##### PROVIDED ENTRIES #####

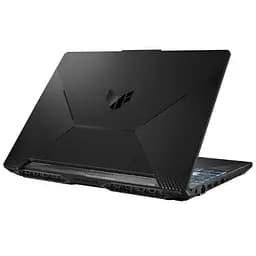 Ноутбук Asus TUF Ігровий A15 FA506NCG-HN211,1920 x 1080,7445HS 6 C/12 T,3.55 GHz - 4.7 GHz,6 MB - мініатюра 2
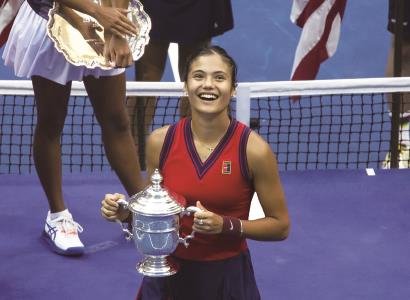 彰显了其对 彰显了其对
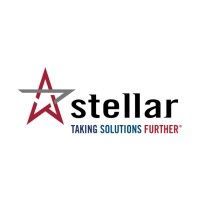 Logo of Stellar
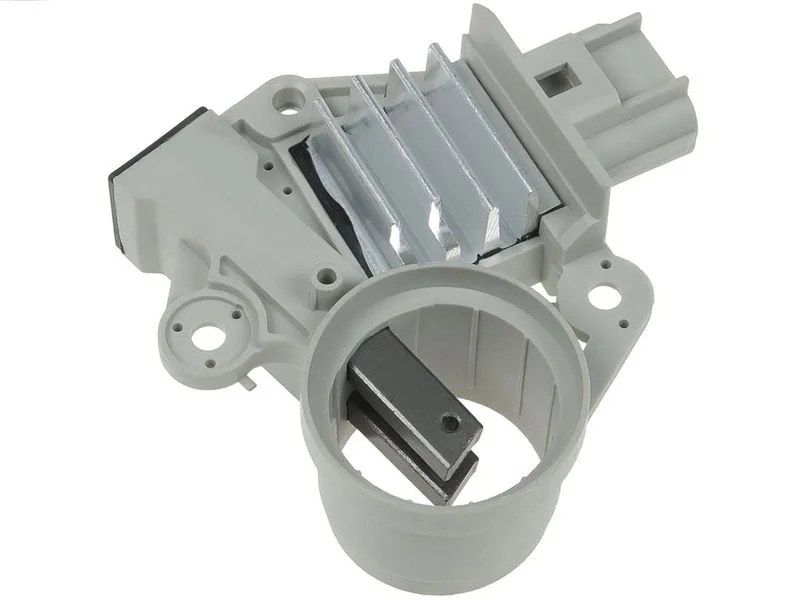 Regulador do Alternador AS-PL ARE9038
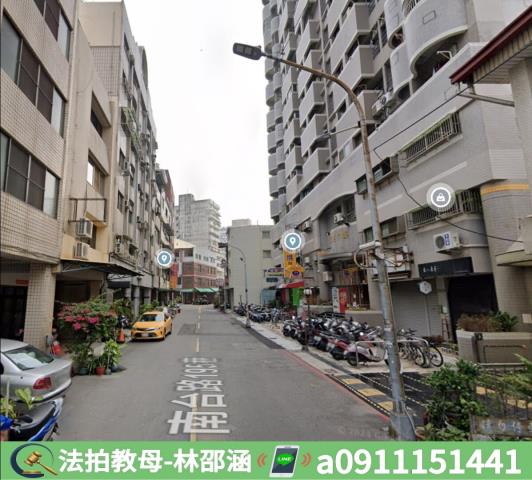 高雄三民區法拍法拍屋-4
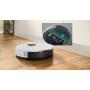 BOSCH Robotski usisivač Spotless - slika 5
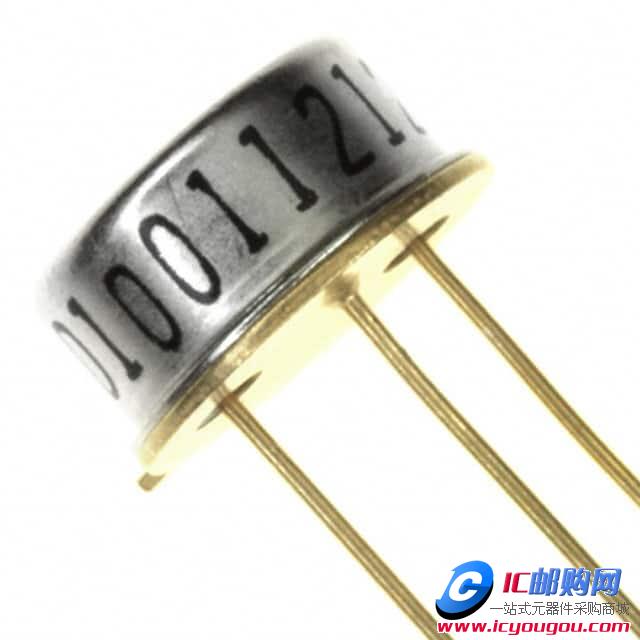 c(din)鿴100-11-21-221DƬ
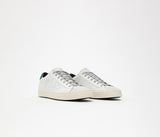 Scarpa JOHN-M WHI/OAK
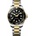 Longines L3.769.3.56.7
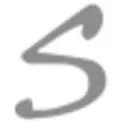 Logo Sandalinos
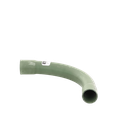 ATUP-12-COD - 7
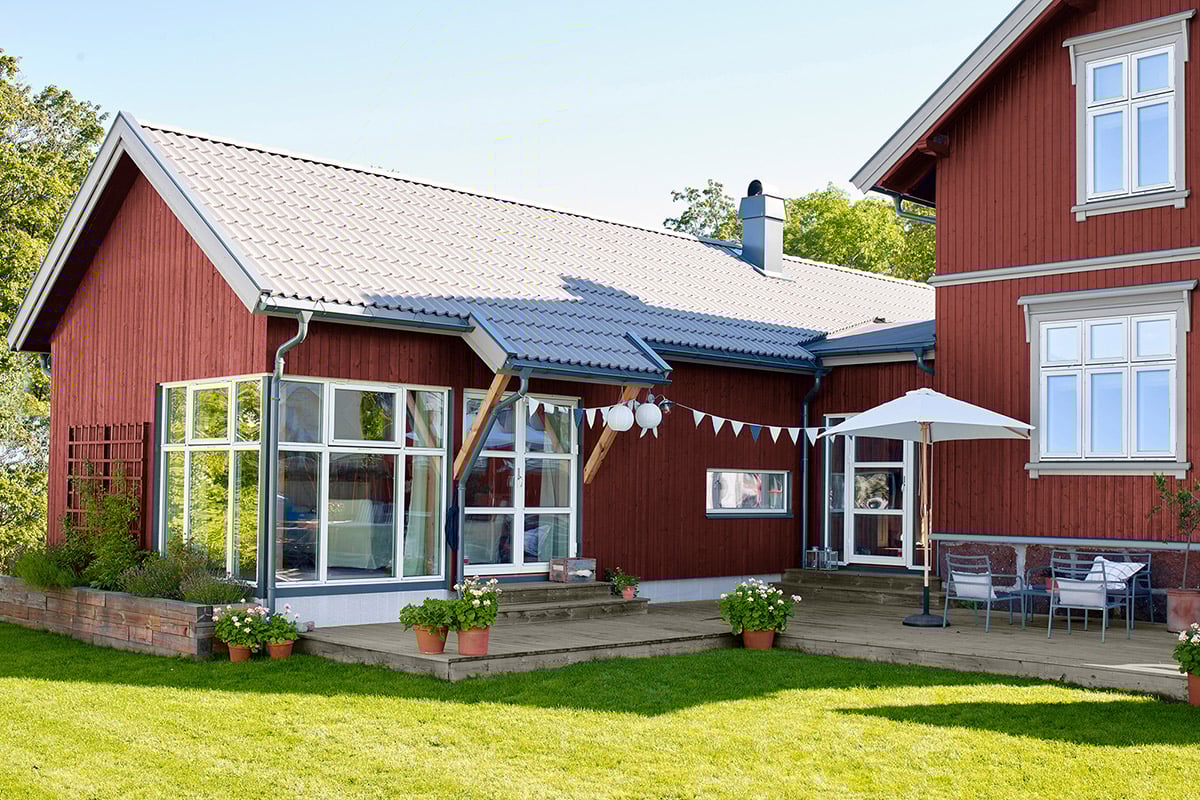 Jotun Drygolin 2746 mørk rubin artikkelbilde.jpg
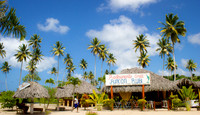 Dominican Republic [706197]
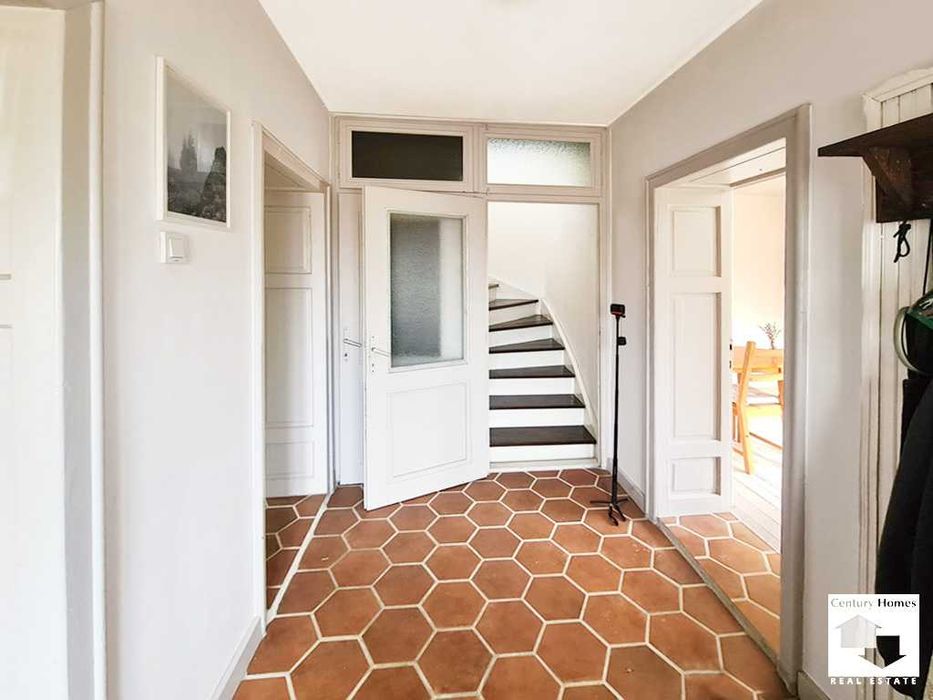 Продава се Къща в с. Горна Липница, Област Велико Търново - 120 кв.м за 709 €/кв.м - Снимка #5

#####

■ ACTIVITY ■
All lines from the one holding "Jotun Drygolin 2746" through the last line of the records need to be copied exactly, both ends included, and the pictures left behind.

■ REPLY ■
 Jotun Drygolin 2746 mørk rubin artikkelbilde.jpg
 Dominican Republic [706197]
 Продава се Къща в с. Горна Липница, Област Велико Търново - 120 кв.м за 709 €/кв.м - Снимка #5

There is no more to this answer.